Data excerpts
*** Begin section ***

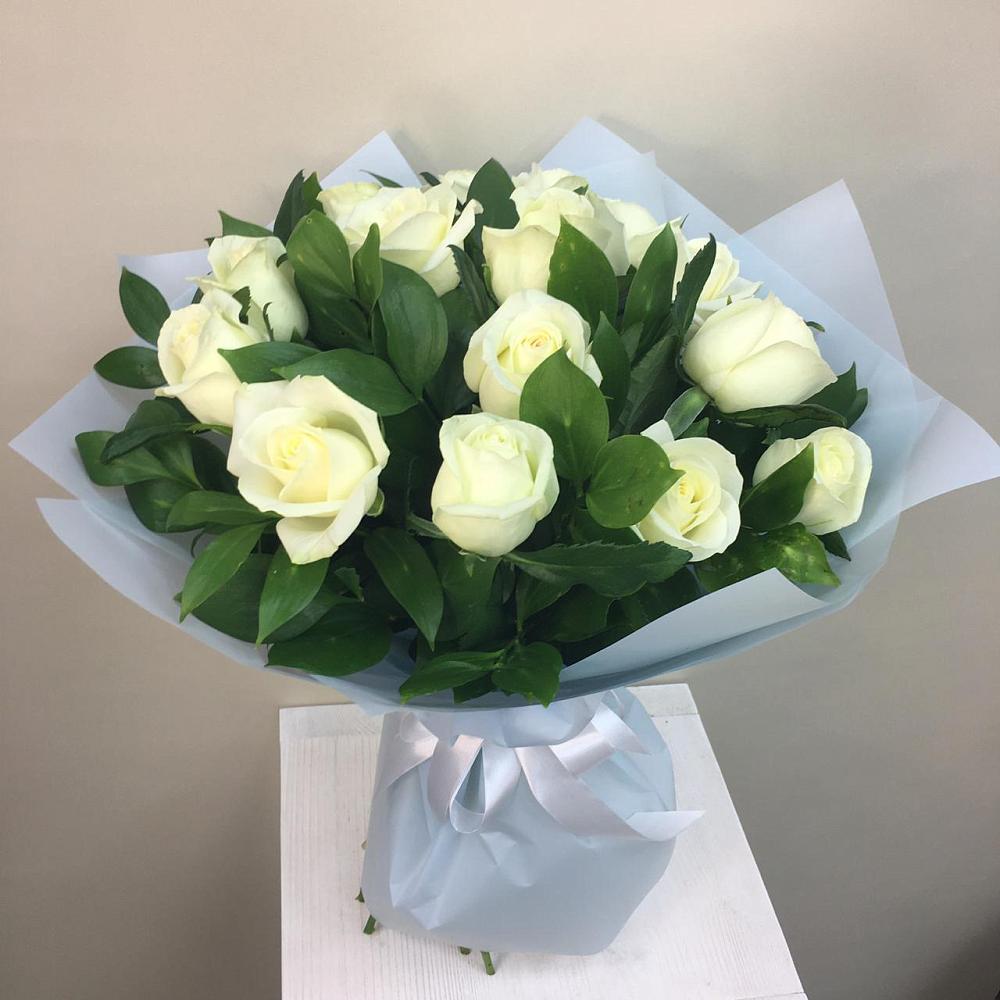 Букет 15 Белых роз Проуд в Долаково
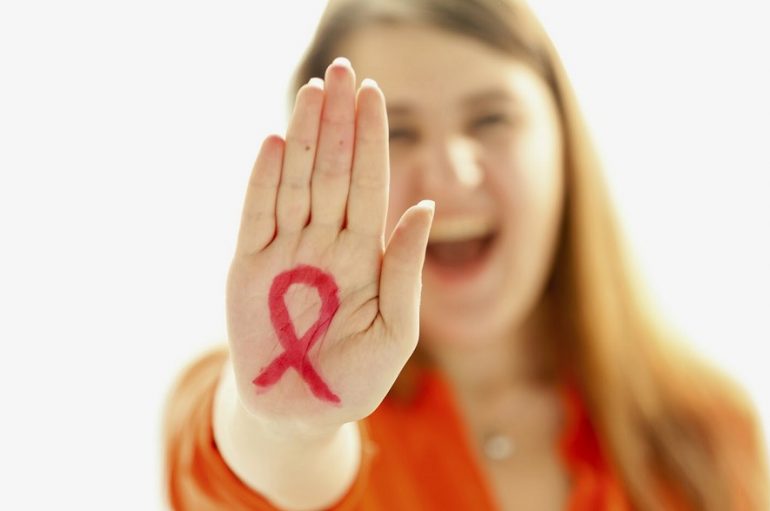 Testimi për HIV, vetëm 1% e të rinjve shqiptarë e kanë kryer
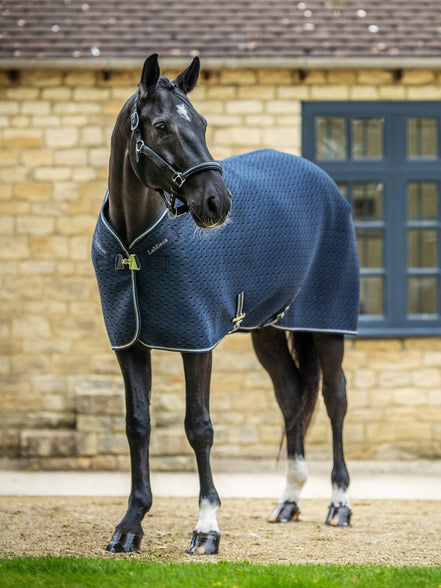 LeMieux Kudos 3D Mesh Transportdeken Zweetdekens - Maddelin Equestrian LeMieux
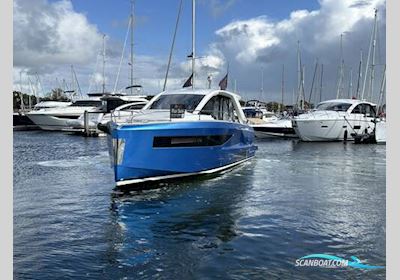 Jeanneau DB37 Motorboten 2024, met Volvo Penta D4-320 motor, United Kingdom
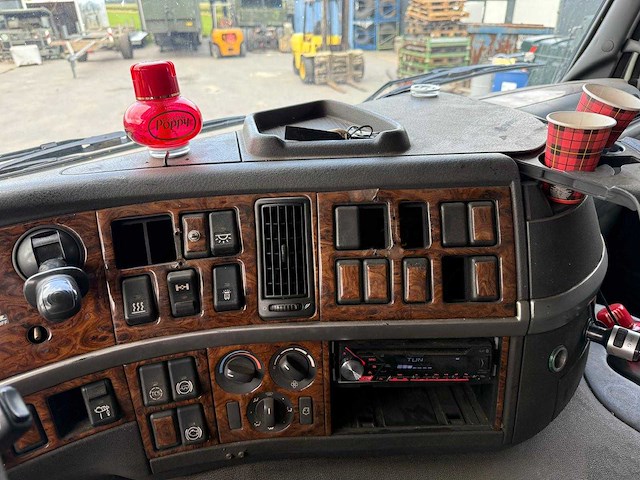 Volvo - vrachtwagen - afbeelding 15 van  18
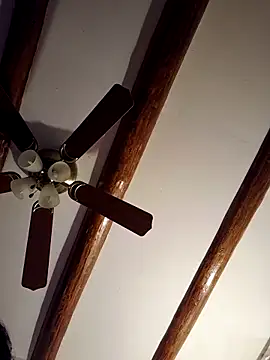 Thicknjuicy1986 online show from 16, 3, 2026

*** End section ***

= What is expected =
Retype the whole of the data verbatim. Skip every picture.

= Response to the exercise =
 Букет 15 Белых роз Проуд в Долаково
 Testimi për HIV, vetëm 1% e të rinjve shqiptarë e kanë kryer
 LeMieux Kudos 3D Mesh Transportdeken Zweetdekens - Maddelin Equestrian LeMieux
 Jeanneau DB37 Motorboten 2024, met Volvo Penta D4-320 motor, United Kingdom
 Volvo - vrachtwagen - afbeelding 15 van  18
 Thicknjuicy1986 online show from 16, 3, 2026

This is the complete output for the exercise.